Some of Housman's plays caused scandals because of depiction of biblical characters and living members of the Royal House on stage, and many of them were only played privately until the subsequent relaxation of theatrical censorship. In 1937 the Lord Chamberlain ruled that no British sovereign may be portrayed on the stage until 100 years after his or her accession. For this reason, Victoria Regina could not be staged until the centenary of Queen Victoria's accession, 20 June 1937.
A prolific writer with around a hundred published works to his name, his output eventually covered all kinds of literature from socialist and pacifist pamphlets to children's stories. He wrote an autobiography, The Unexpected Years (1937), which, despite his record of controversial writing, said little about his homosexuality. He also edited his brother's posthumous poems.
Housman held what for the time were controversial political views.

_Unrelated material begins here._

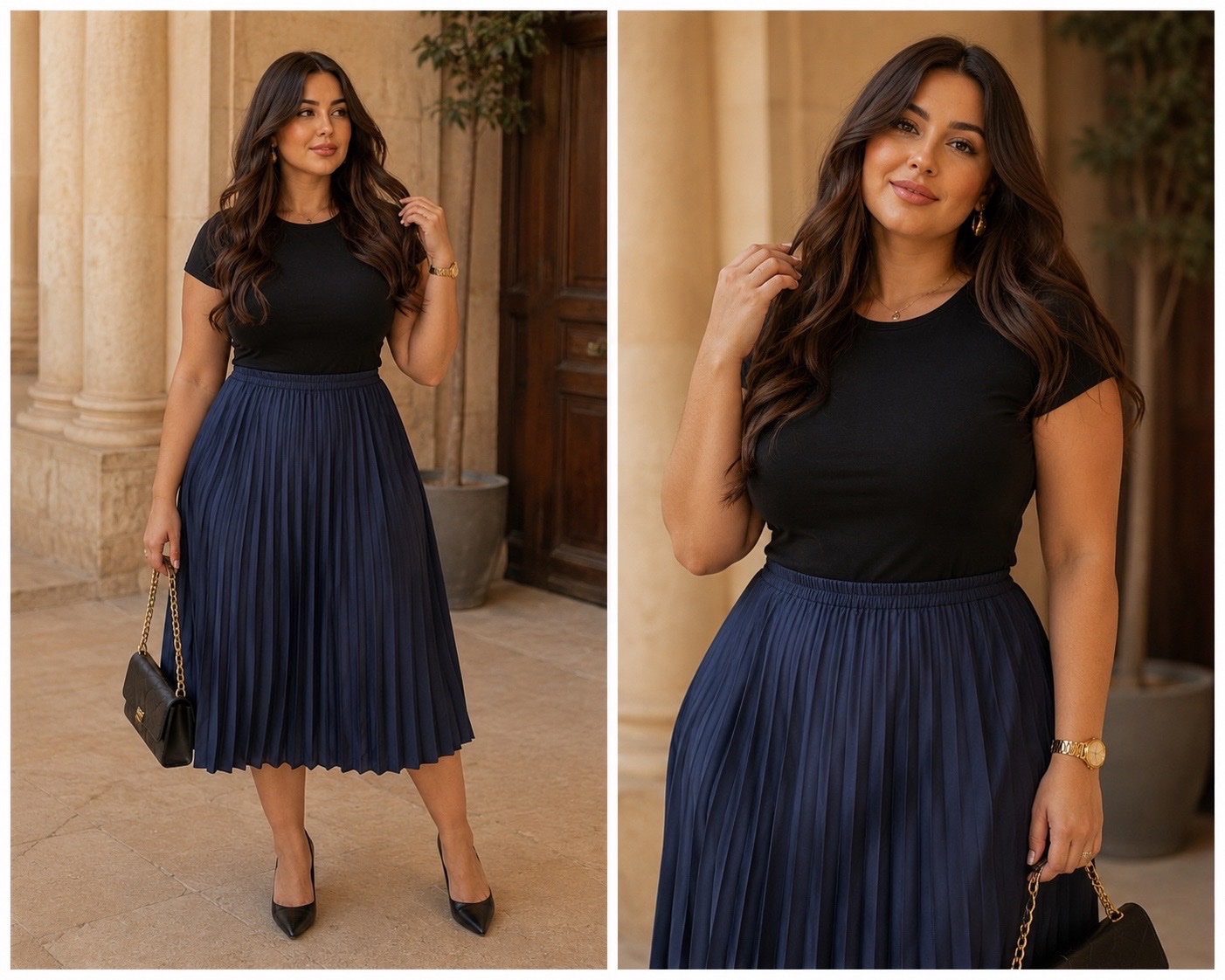 Jupe plissée bleu marine élégante vintage chic ✨ taille haute fluide style sophistiqué femme curvy & classy🔥🌹💞💙🔥🔥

He was a committed socialist and pacifist and founded the Men's League for Women's Suffrage with Henry Nevinson and Henry Brailsford in 1907.
Edmund DulacEdmund Dulac (1882-1953) was a French book illustrator prominent during the so called "Golden Age of Illustration" (the first quarter of the twentieth century). Born in Toulouse, France, he began his career by studying law at the University of Toulouse, but also followed classes in the Ecole des Beaux Arts, switching full time to art after he became bored with law. He spent a very brief period at the Académie Julian in Paris in 1904 before moving to London.
In London, the 22-year old Frenchman was picked up by J.M. Dent and given a commission to illustrate the collected works of the Brontë sisters. He then began an association with the Leicester Gallery and Hodder & Stoughton; the gallery would commission paintings from Dulac and then sell the rights to Hodder & Stoughton, who would publish the books (one book a year over many years) while the gallery would sell the paintings. Books produced under this arrangement by Dulac include Stories from The Arabian Nights.
Dulac became a naturalized British Citizen in 1912. During World War I he contributed to relief books, including King Albert's Book, and, unusually, his own Edmund Dulac's Picture Book for the French Red Cross (1915).
After the war, the deluxe edition illustrated book became a rarity and Dulac's career in this field was over but continued in other areas, including newspaper caricatures, portraiture, theatre costume and set design, bookplates, chocolate boxes, medals, and various graphics.